● Entries shown
════════
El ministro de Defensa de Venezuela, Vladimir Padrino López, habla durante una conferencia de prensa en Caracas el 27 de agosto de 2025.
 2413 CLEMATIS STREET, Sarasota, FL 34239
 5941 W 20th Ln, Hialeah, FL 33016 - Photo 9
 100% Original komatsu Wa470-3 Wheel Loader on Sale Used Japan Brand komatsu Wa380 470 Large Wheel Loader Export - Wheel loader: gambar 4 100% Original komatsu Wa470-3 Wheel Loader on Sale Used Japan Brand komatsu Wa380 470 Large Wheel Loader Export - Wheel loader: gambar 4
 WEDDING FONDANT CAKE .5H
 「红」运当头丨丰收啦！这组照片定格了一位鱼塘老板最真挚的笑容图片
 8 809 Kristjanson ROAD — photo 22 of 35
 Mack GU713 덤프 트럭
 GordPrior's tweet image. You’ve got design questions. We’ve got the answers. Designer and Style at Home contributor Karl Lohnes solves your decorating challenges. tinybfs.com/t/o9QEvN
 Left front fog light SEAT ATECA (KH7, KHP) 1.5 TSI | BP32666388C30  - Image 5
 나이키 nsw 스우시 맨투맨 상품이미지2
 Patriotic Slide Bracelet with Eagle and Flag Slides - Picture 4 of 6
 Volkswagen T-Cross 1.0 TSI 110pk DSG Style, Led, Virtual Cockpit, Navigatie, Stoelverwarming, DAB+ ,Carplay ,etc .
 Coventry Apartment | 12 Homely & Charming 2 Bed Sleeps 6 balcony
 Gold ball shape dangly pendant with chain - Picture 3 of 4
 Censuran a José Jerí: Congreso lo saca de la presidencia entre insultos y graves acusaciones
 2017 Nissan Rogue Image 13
════════
● Your task
From the line containing "Mack GU713 덤프 트럭" through the final line of the listing above, retype every line exactly; leave out everything else.

● Solution to the exercise
 Mack GU713 덤프 트럭
 GordPrior's tweet image. You’ve got design questions. We’ve got the answers. Designer and Style at Home contributor Karl Lohnes solves your decorating challenges. tinybfs.com/t/o9QEvN
 Left front fog light SEAT ATECA (KH7, KHP) 1.5 TSI | BP32666388C30  - Image 5
 나이키 nsw 스우시 맨투맨 상품이미지2
 Patriotic Slide Bracelet with Eagle and Flag Slides - Picture 4 of 6
 Volkswagen T-Cross 1.0 TSI 110pk DSG Style, Led, Virtual Cockpit, Navigatie, Stoelverwarming, DAB+ ,Carplay ,etc .
 Coventry Apartment | 12 Homely & Charming 2 Bed Sleeps 6 balcony
 Gold ball shape dangly pendant with chain - Picture 3 of 4
 Censuran a José Jerí: Congreso lo saca de la presidencia entre insultos y graves acusaciones
 2017 Nissan Rogue Image 13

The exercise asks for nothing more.